Ataques anteriores Esta não foi a primeira vez que a comunidade foi alvo de ataques. No ano passado, um crucifixo que tinha sido fincado no chão, próximo ao local onde hoje é a capela, foi arrancado e jogado para longe. Depois do ato, o padre recolocou a cruz no local. No dia seguinte, o objeto tinha sido arrancado novamente, mas desta vez, o crucifixo tinha sido quebrado.

Atualmente, a comunidade de Bananeiras acolhe o padre, como conta Rosane: “As pessoas da região gostam muito da atitude do padre. Aqui é uma mistura de católico com evangélico, mas a ajuda é pela comunidade, nós sabemos que o padre está aqui para ajudar”.

Mas a situação nem sempre foi amistosa. O pároco conta ter sofrido preconceito por ser da Igreja Ortodoxa ao chegar à ilha, no ano passado. “Cheguei com uma mochila nas costas para visitar o local onde seria criada a paróquia. Aqui não tinha atuação pastoral da Igreja Ortodoxa e comecei a trabalhar aqui. Quem me recebeu de forma mais acolhedora foram os evangélicos. Já os católicos romanos não me receberam bem, tive que conversar com um bispo romano para pedir que me respeitassem. Até falar que eu não era padre falavam por desconhecerem essa separação que ocorreu na igreja”, relata o padre. Ele começou a ser aceito com ao tempo ao passo que a população percebeu o seu trabalho de região. Atualmente, cerca de 10 pessoas se converteram ao catolicismo ortodoxo em Ilha de Maré.

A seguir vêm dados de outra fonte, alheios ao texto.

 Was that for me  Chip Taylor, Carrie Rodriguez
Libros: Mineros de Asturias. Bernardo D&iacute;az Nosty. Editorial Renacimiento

Fora da comunidade, algumas pessoas ainda não estão tão receptivas para o trabalho do padre. Renata Massa conta que seguidores de outras religiões nem sempre aceitam a pregação do catolicismo ortodoxo. “O padre tem muita receptividade aqui na comunidade, por isso, acredito que quem fez isso não mora na região. Também existem pessoas que discordam da linha política dele, mas acredito que seja mais uma questão religiosa”, afirma. 

Ataques a outras igrejas Assim como a capela de bambu foi alvo da destruição, outras igrejas de Salvador também sofreram com o desrespeito. Em maio, a igreja de Sant’Ana, no Rio Vermelho, foi invadida por bandidos que levaram um bebedouro. Na época do crime, o padre Ângelo Magno, que é o pároco da Paróquia Sant'Ana, contou que a paróquia já sofreu, pelo menos, 200 arrombamentos.

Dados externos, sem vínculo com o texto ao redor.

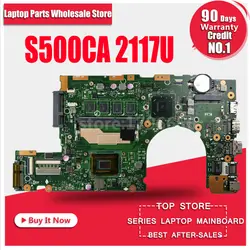 Материнская плата для ноутбука ASUS S500C S500CA S400C S400CA 2117 cpu системная плата Материнская плата карта логическая плата протестирована хорошо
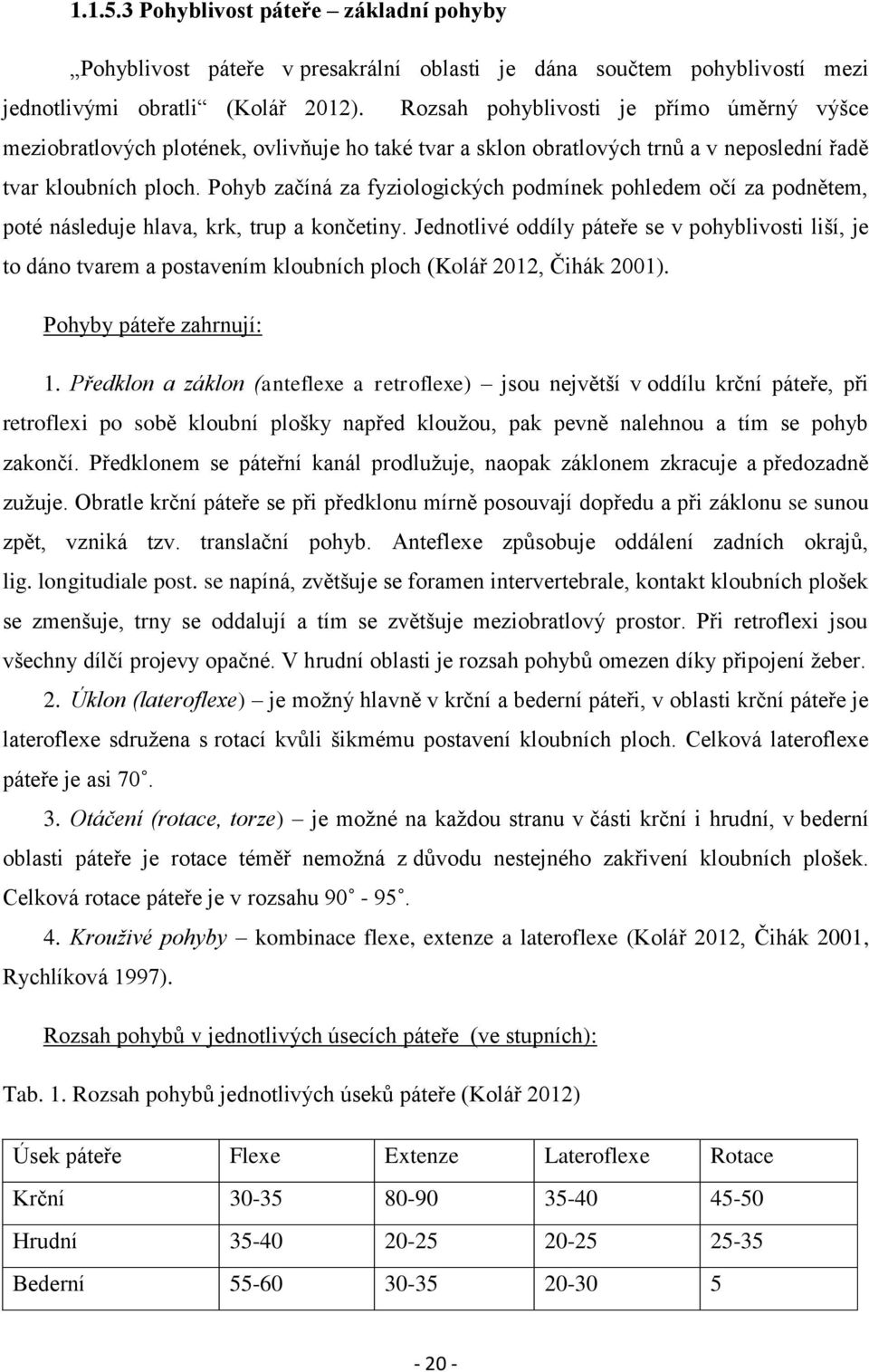 Pohyb začíná za fyziologických podmínek pohledem očí za podnětem, poté následuje hlava, krk, trup a končetiny.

Em 2018, um bandido roubou um celular e um notebook da Paróquia Nossa Senhora de Nazaré, no bairro de Nazaré. Para realizar o crime, um homem se aproximou da igreja com o pretexto de que queria marcar um batizado. Uma das secretárias então abriu o portão. Em seguida, ele sacou a arma, anunciou o assalto e recolheu os objetos. Segundo o padre Nilberto Gonzaga, ao todo o homem levou o celular de uma das secretárias, o celular de uma fiel que marcava a data do casamento e o notebook e o celular da paróquia.

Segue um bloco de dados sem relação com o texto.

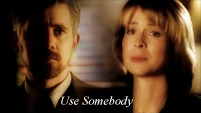 Use Somebody - Byers/Modeski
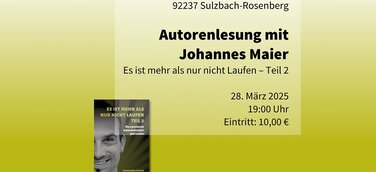 Autorenlesung mit Johannes Maier am 28. März 2025 um 19 Uhr in Sulzbach-Rosenberg, Buchhandlung Volkert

Casos como estes também ocorreram fora da Bahia. Em Paracatu, no estado de Minas Gerais, em 2019, um homem armado entrou em uma igreja Batista Shalon e atirou várias vezes. No ano de 2018, em Campinas, seis pessoas morreram após um ataque na catedral na região central da cidade.O autor do crime abriu fogo contra pessoas que rezavam logo após uma missa. Em seguida, foi baleado por policiais e atirou contra a própria cabeça.